**EXERCISE REQUIREMENTS**
Return every line from the one with "2022 Νέο χειμερινό" through the one with "Personalized Name Beach", inclusive, exactly as it appears below.

**RECORD EXTRACTS**
# # # # #
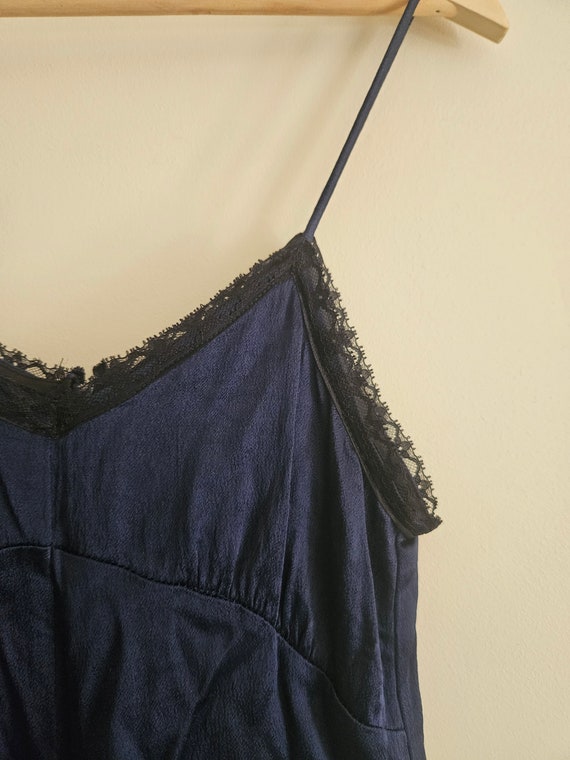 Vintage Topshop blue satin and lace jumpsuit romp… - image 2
# # # # #
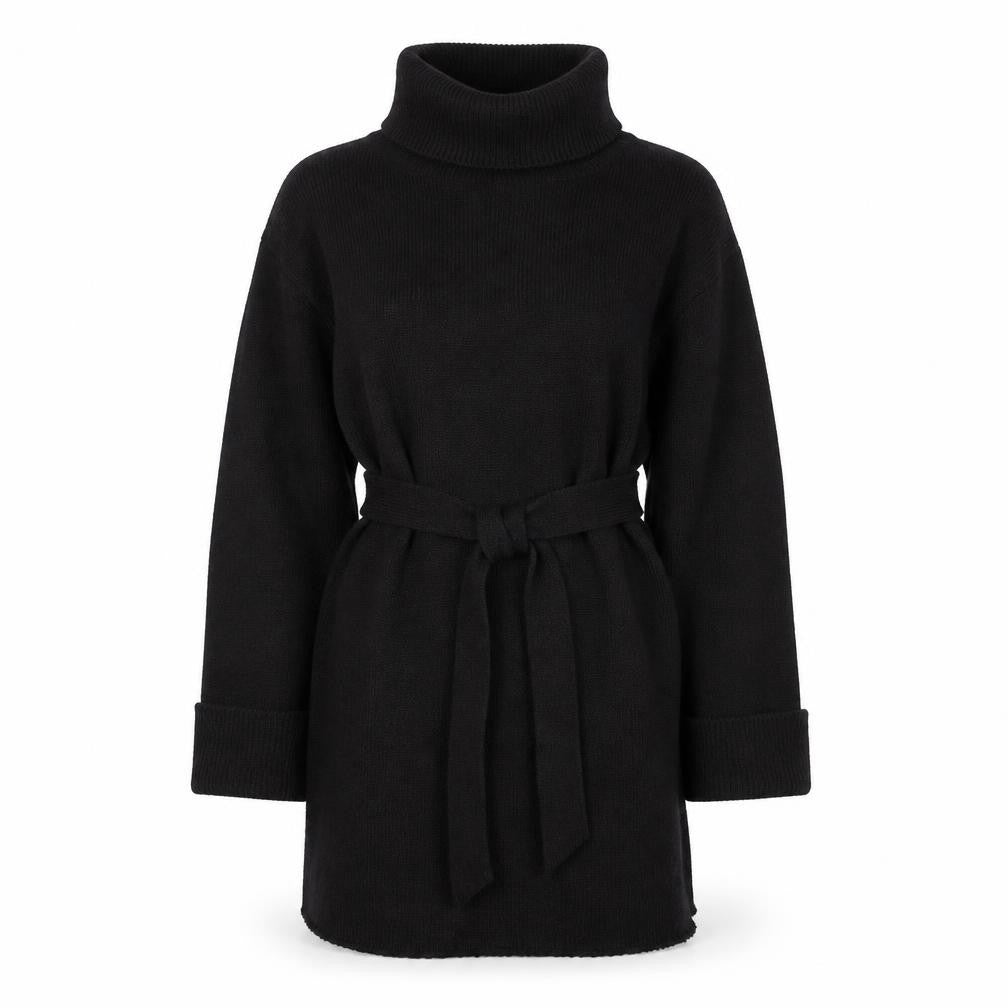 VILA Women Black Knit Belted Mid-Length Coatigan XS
# # # # #
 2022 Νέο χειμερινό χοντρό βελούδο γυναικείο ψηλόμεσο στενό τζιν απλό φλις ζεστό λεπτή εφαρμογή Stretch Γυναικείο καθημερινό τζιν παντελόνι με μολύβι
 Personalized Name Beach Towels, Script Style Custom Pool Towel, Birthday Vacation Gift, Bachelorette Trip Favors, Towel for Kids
# # # # #
**SOLUTION TO THE EXERCISE**
 2022 Νέο χειμερινό χοντρό βελούδο γυναικείο ψηλόμεσο στενό τζιν απλό φλις ζεστό λεπτή εφαρμογή Stretch Γυναικείο καθημερινό τζιν παντελόνι με μολύβι
 Personalized Name Beach Towels, Script Style Custom Pool Towel, Birthday Vacation Gift, Bachelorette Trip Favors, Towel for Kids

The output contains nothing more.